With a solemn and knowing look Marshal Wellock made a few inquiries concerning the car which had just passed out of sight and its occupants. Then he made some mysterious entries in a pocket memorandum, the generally soiled appearance of which was not at all unlike his own. These movements alone were enough to make a deep impression upon the crowd which had now collected; but accompanied as they were by Mr. Wellock's knowing and extremely mysterious air, the whole effect was to produce in the minds of those gathered near the profound conviction that the four strange boys were nothing short of bank-robbers in disguise.

Men exchanged looks of deep significance as if saying, "I told you so." Women nodded their heads to one another in a way that plainly indicated their certain knowledge of the guilt of the young strangers, whatever might be the crime laid at their door.

Observing the unlimited notice he was attracting, Marshal Wellock's importance increased. Preserving still his deeply mysterious air, he walked on to the telegraph office and went in. What he learned there apparently did not cause him to change his very good opinion of himself and of the great power vested in him, for he was more darkly mysterious than ever as he returned. Indeed, his whole bearing was such as to make him decidedly red in the face, as he frowned savagely, in keeping with his idea of the great personage which he himself felt and, he believed, everyone else must undoubtedly consider him to be. What he thought he knew about the four boys would have made a long story. What he did know could have been told in a dozen words and none of them to the lads' discredit.

Meanwhile the Thirty still sped on westward. The afternoon was waning and the road was growing bad. Sagersgrove lay far in the rear.

"Don't look to me as if this could be the main route," said Phil Way, thoughtfully noting the brush-grown fields and the poor character of the farmhouses and buildings, becoming more and more infrequent as they progressed.

"Oh, it's the road all right. It'll be better going soon," MacLester answered; and as the latter himself had obtained the information respecting the route, Phil said no more.

Mile after mile slipped to the rear, but slowly now, for the road was a constant succession of deep ruts, miniature mountain chains and great, half-dried holes of mud. The late June sun was going down. Blackbirds flew in noisy flocks from one to another of the dense thickets growing in frequent and extensive patches as far as eye could reach over the low land at either side of the wretched way.

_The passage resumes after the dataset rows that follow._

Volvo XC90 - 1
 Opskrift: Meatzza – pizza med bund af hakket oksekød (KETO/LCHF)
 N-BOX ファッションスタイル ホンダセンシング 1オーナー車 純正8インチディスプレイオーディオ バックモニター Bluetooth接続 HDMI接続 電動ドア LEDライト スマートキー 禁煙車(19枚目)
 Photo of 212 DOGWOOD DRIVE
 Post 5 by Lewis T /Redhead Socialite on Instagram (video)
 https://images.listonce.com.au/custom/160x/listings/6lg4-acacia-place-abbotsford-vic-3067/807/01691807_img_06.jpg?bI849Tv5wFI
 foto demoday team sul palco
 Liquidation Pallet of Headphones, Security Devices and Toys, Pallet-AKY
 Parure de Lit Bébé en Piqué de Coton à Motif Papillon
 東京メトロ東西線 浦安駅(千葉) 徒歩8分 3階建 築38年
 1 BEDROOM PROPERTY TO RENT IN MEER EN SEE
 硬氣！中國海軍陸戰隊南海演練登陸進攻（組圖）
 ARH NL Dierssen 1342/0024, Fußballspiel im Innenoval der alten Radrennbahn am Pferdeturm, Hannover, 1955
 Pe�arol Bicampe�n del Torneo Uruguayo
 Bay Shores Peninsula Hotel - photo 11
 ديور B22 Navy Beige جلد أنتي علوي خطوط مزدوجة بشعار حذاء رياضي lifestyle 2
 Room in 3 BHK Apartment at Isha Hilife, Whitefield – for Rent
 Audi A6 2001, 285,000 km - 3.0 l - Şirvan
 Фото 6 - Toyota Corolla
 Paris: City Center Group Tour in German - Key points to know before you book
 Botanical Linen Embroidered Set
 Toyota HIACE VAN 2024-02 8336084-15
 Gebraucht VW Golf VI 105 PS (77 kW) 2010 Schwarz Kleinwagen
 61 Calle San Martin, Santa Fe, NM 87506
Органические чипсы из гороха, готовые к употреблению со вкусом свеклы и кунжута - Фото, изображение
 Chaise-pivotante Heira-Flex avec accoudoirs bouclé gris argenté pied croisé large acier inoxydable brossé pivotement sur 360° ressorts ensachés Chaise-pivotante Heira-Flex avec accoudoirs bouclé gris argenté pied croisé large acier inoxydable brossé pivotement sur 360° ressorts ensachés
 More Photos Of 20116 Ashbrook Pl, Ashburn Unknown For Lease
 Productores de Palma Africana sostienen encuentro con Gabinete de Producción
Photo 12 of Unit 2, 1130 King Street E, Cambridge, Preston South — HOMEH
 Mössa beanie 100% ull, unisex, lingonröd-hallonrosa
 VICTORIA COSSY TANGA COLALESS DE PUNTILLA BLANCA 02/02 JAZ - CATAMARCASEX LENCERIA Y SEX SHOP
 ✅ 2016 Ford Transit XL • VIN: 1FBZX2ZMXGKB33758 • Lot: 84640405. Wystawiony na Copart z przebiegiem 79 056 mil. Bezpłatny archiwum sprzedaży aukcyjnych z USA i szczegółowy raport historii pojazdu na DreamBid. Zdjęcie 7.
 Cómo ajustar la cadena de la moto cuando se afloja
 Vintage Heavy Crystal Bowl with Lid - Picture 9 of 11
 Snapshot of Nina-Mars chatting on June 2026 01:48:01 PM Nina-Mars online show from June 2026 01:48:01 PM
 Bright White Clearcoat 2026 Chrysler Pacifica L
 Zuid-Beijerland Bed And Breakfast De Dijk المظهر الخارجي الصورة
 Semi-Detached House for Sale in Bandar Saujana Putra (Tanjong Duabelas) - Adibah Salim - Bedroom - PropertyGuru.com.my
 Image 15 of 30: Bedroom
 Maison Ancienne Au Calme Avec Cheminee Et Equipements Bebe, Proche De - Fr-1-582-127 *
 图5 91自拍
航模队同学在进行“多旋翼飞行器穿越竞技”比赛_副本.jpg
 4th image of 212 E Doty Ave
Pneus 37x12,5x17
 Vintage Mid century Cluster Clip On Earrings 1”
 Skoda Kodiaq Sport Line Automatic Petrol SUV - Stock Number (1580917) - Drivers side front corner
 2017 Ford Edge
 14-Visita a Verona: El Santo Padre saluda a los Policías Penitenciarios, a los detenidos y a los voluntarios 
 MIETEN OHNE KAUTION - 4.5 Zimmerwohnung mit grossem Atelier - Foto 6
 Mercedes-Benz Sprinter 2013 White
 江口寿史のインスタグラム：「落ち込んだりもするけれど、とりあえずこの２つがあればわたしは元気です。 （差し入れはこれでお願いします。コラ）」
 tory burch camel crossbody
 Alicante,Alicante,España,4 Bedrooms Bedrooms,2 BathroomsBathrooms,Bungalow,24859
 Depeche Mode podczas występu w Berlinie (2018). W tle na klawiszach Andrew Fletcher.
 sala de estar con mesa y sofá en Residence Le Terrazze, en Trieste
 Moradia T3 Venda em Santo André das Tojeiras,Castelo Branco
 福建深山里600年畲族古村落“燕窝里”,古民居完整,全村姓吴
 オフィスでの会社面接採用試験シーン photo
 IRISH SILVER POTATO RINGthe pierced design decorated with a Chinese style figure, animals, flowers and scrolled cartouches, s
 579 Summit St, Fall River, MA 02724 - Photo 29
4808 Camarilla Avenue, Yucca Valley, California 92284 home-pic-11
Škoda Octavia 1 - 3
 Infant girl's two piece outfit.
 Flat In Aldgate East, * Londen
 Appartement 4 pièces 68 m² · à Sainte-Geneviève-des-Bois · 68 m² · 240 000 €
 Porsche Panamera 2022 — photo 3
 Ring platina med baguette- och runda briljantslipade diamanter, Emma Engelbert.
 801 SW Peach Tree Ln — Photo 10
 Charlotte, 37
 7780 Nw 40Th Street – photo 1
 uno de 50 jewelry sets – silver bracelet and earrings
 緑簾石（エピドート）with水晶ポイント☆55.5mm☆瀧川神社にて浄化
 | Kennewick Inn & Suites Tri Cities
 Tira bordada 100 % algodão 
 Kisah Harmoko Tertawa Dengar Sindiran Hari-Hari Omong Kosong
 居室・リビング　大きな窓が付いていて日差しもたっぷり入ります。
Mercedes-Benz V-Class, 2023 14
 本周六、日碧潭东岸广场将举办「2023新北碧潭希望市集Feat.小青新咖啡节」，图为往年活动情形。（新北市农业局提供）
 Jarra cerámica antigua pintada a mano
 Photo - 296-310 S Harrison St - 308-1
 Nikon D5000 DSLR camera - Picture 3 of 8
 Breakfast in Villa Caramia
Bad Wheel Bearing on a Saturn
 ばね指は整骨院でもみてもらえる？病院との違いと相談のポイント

"Well, if this is the road, we better go where it isn't," muttered Billy Worth, his arms beginning to feel the effects of driving over the painfully distressing course.

"Oh, stop your growling!" Dave answered a little savagely. "This road will be all right when we get to the high ground where the trees are yonder! And by the Old Harry! Why should you hold me responsible? Never knew it to fail, anyhow, that whoever it is that half breaks his neck and nearly gets left behind, to dig up the road statistics for a trip or any part of one, is from that minute blamed right and left for every hole that's found and for every stone that's struck."

In which observation young Mr. MacLester was not at all wrong. Identically the same weakness of human nature crops out in so many places that none can fail to recognize it. Phil Way saw and felt the truth of Dave's remarks at once.